DATA SHOWN:
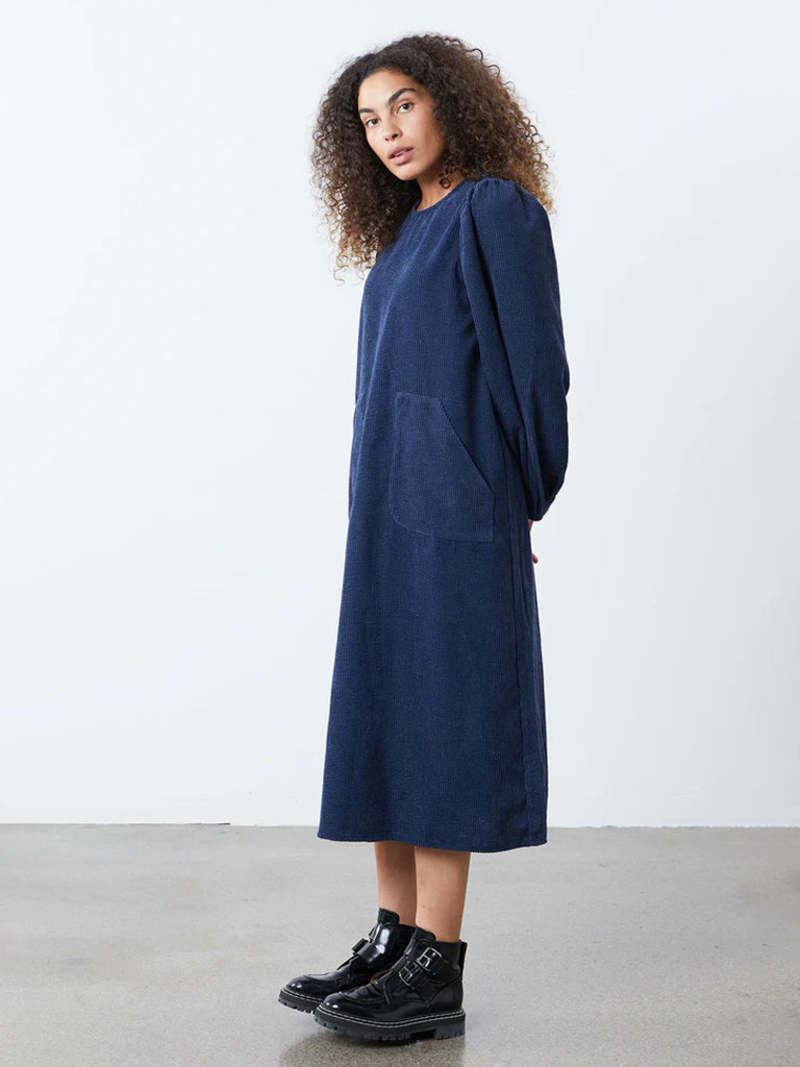 Lolly-s-Laundry-Lucas-Cord-Dress-in-Dark-Blue-20220929012144_cdd8aa86-459e-4356-89ea-b21ee3f7dd53.jpg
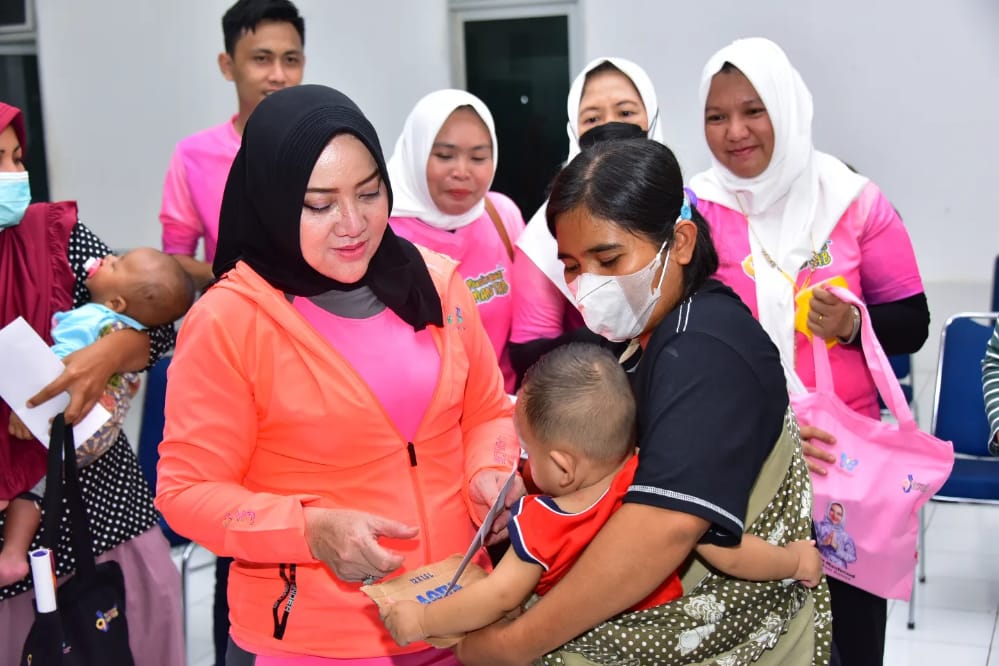 Bupati Musi Rawas Meninjau Pelaksanaan Operasi Bibir Sumbing di RSUD Muara Beliti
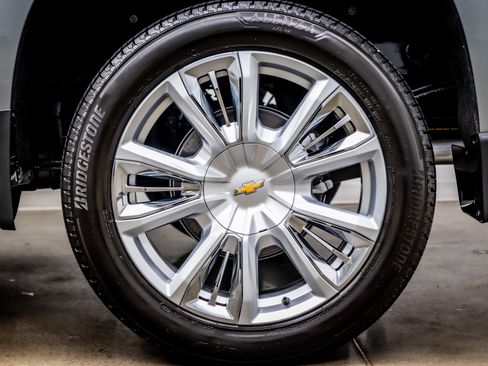 Used 2026 Chevrolet Silverado 1500 High Country image 40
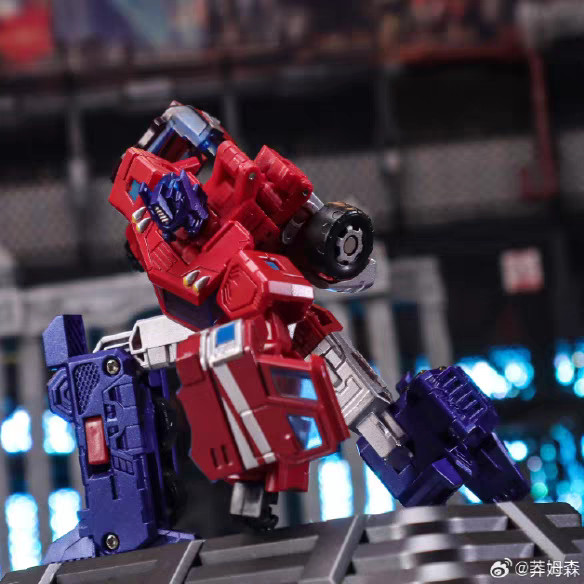 JD-01 Optimus Prime Small Proportion Classic Butter Pillar Car Robot ...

TASK TO COMPLETE:
Repeat the data word for word; drop the pictures.

SOLUTION TO THE EXERCISE:
 Lolly-s-Laundry-Lucas-Cord-Dress-in-Dark-Blue-20220929012144_cdd8aa86-459e-4356-89ea-b21ee3f7dd53.jpg
 Bupati Musi Rawas Meninjau Pelaksanaan Operasi Bibir Sumbing di RSUD Muara Beliti
 Used 2026 Chevrolet Silverado 1500 High Country image 40
 JD-01 Optimus Prime Small Proportion Classic Butter Pillar Car Robot ...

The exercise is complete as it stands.